◆ **Exercise**
Once you find the line with "8051 Placer View" in the data below, transcribe exactly each line from there to the line with "A tripulación de", inclusive, and nothing else. Drop the pictures.

◆ **Data shown**
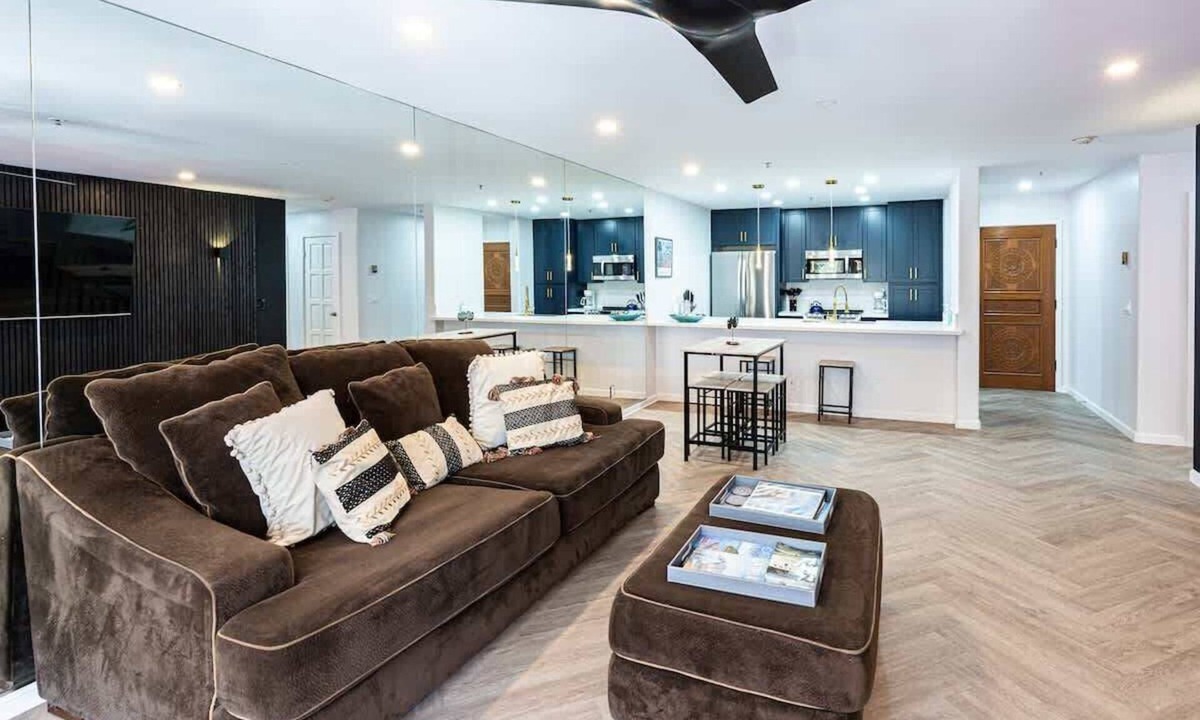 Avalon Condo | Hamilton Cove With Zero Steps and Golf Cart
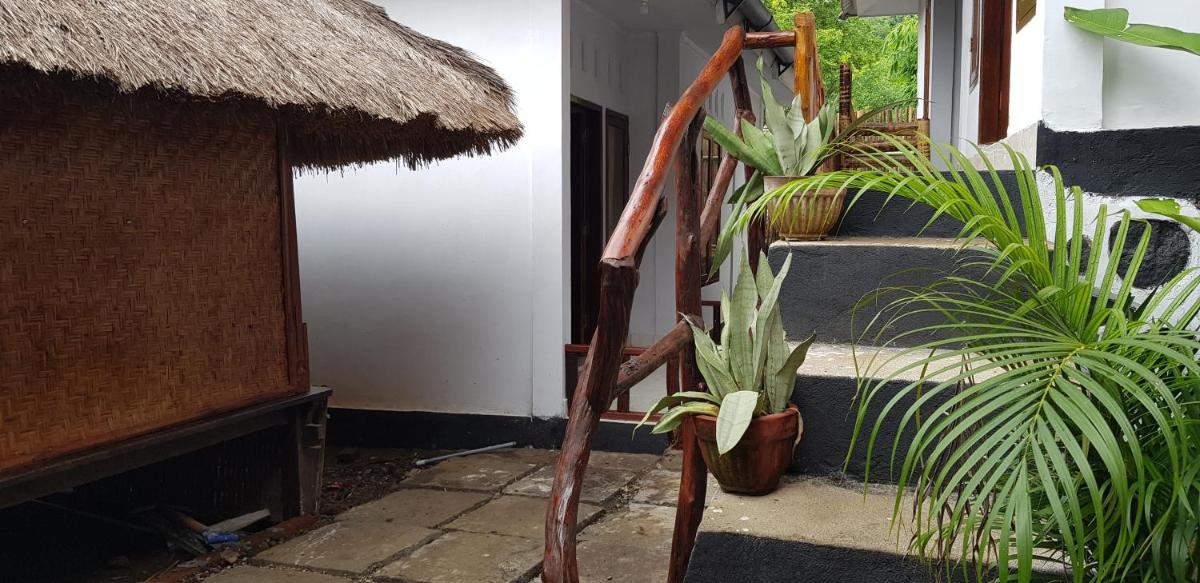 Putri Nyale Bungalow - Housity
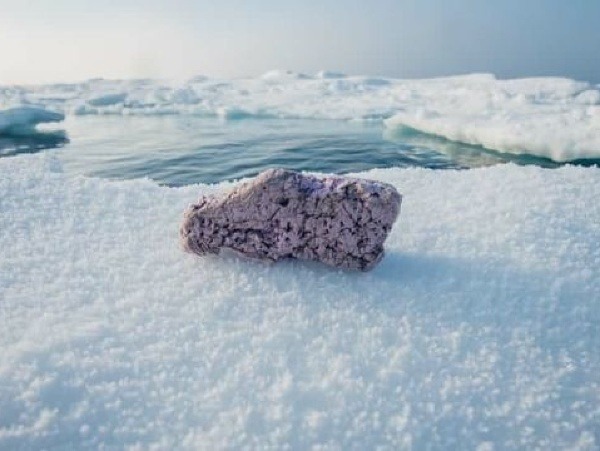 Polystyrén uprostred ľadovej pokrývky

---

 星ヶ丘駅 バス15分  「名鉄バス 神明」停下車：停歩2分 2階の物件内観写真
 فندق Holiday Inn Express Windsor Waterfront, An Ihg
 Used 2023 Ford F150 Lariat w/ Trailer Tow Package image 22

...

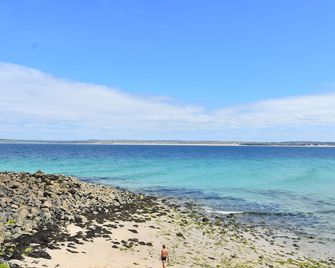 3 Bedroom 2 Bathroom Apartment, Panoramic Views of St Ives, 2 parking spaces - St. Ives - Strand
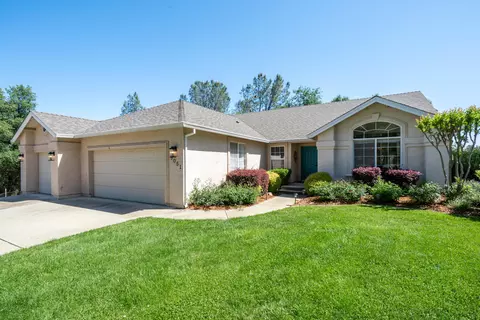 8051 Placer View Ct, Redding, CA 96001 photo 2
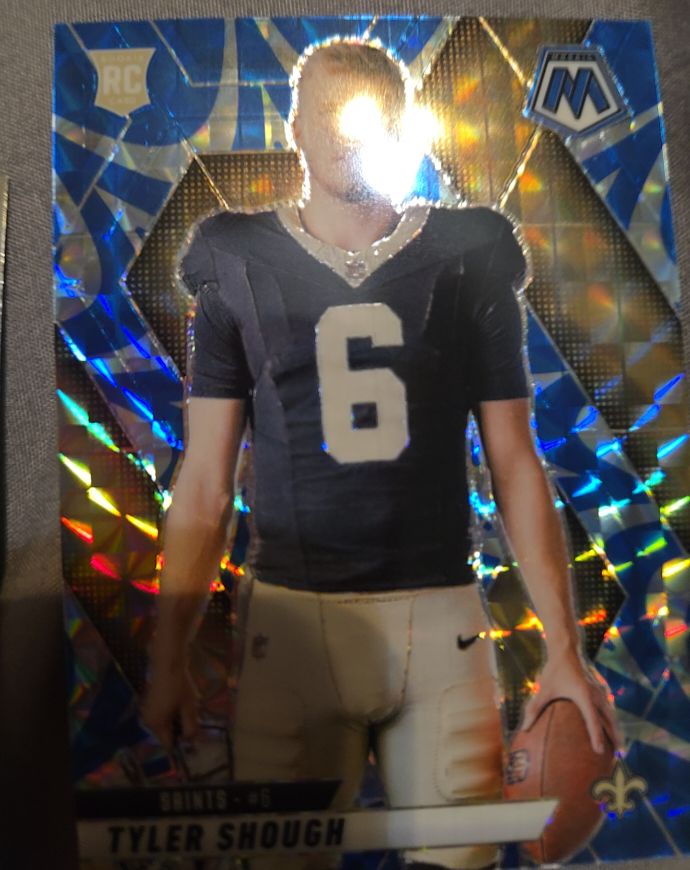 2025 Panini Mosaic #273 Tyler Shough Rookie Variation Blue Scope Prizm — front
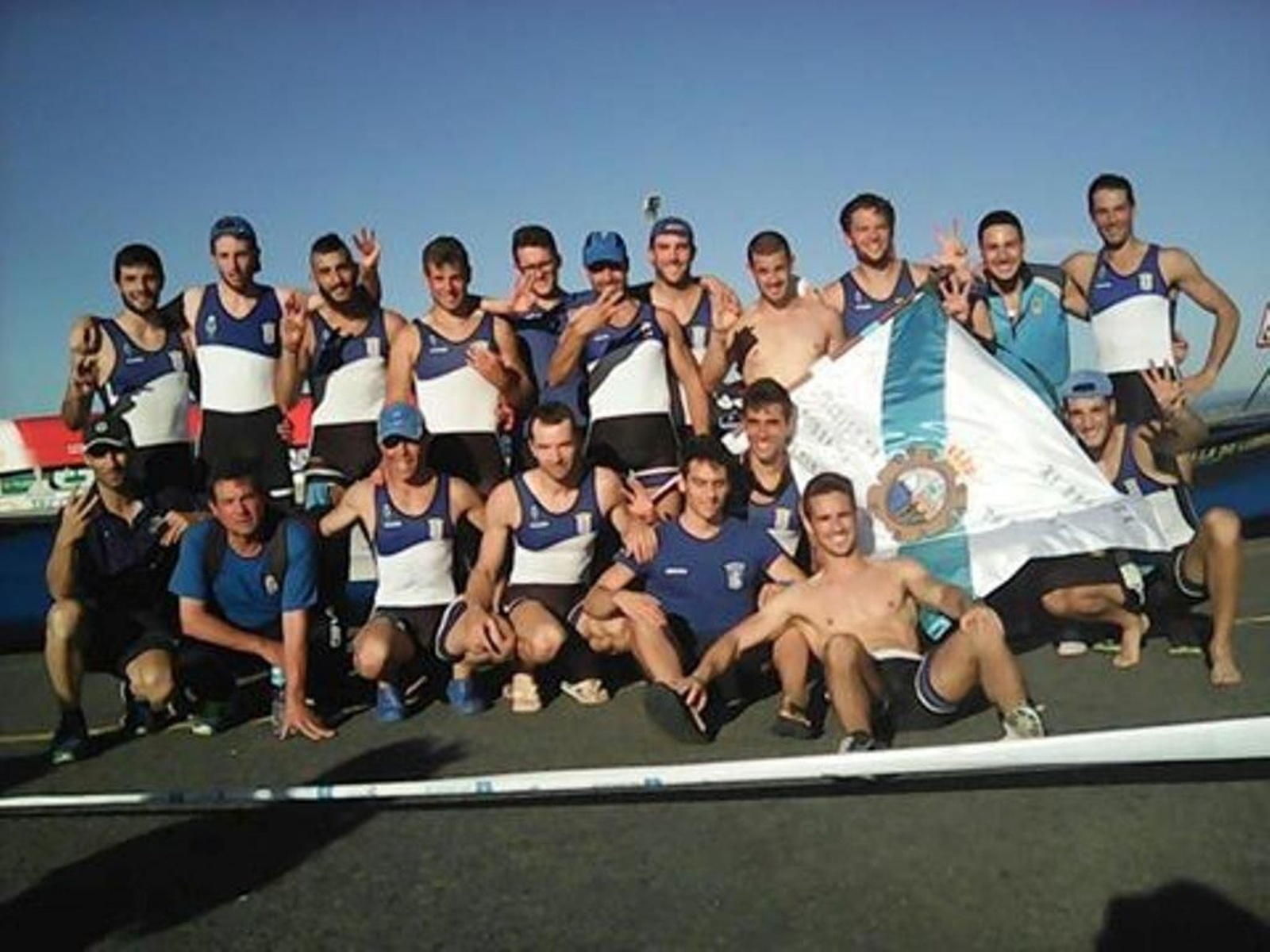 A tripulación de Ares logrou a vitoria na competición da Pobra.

◆ **Result below**
 8051 Placer View Ct, Redding, CA 96001 photo 2
 2025 Panini Mosaic #273 Tyler Shough Rookie Variation Blue Scope Prizm — front
 A tripulación de Ares logrou a vitoria na competición da Pobra.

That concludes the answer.